As it stands now, Paul Janish might be the least effective hitter in all of baseball when he hits the ball in the air. His 16% infield flyball percentage and his dreadfully low 1.7% HR/FB mark indicate that he should hit the ball in the air as infrequently as possible. He rarely hits homeruns and frequently doesn't get the ball past the infield. Unfortunately, it's not just the percentage of flyballs that don't leave the infield that give him problems, but also the overall percentage of balls that he hits in the air.
To compare Janish to a couple of players, David Eckstein and Adam Everett, who boast similarly atrocious power, it's clear that Janish just hits the ball in the air all too often.

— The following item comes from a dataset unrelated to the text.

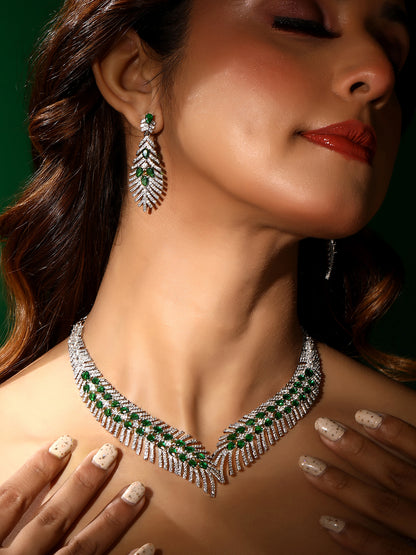 Elegant Rhodium-Plated Emerald Green Teardrop Necklace Set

Player: LD%, GB%, FB%, IFFB%
Janish: 19.8%, 36.6%, 43.6%, 16.0%,
Eckstein: 21.3%, 46.8%, 31.9%, 12.6%
Everett: 18.8%, 39.5%, 41.7%, 16.7%
The obvious problem is that Janish isn't hitting enough balls on the ground. David Eckstein also lacks any semblance of power, but he's smart enough to recognize this and respond accordingly by hitting the ball on the ground at very high rate. And, ultimately, there really isn't all that much difference between Janish and Adam Everett.
Of course, that only deals with the type of contact and omits the rate of contact (Eckstein: 92.2%, Everett: 82.4%, and Janish: 83.9%). Obviously, Eckstein is a more effective hitter because of both the contact rate and the type of contact he generates. On the other hand, there isn't much difference between Paul Janish and Adam Everett. Janish has a better contact rate and higher line drive percentage, but Everett has a bit more power and hits the ball on the ground a bit more.
Ultimately, it would seem to me that Janish, with a tweak or two in his approach, could improve his production to get to an acceptable level. It seems like hitting more balls on the ground is the type of change that could actually be made with the help of some good coaching. Now, even the end result wouldn't be a Barry Larkin type level, but rather an absolute bare minimum level of competence with the lumber. Everett and Jack Wilson are similar glove-first type players and they have gotten away with career OPS marks of .648 and .684 respectively. Not much higher than where Janish is now and just a bit of improvement would get Janish to that level.
Obviously, there is a risk that Janish doesn't take a step forward on offense, but by that time Zack Cozart, Chris Valaika, or another option will likely present itself.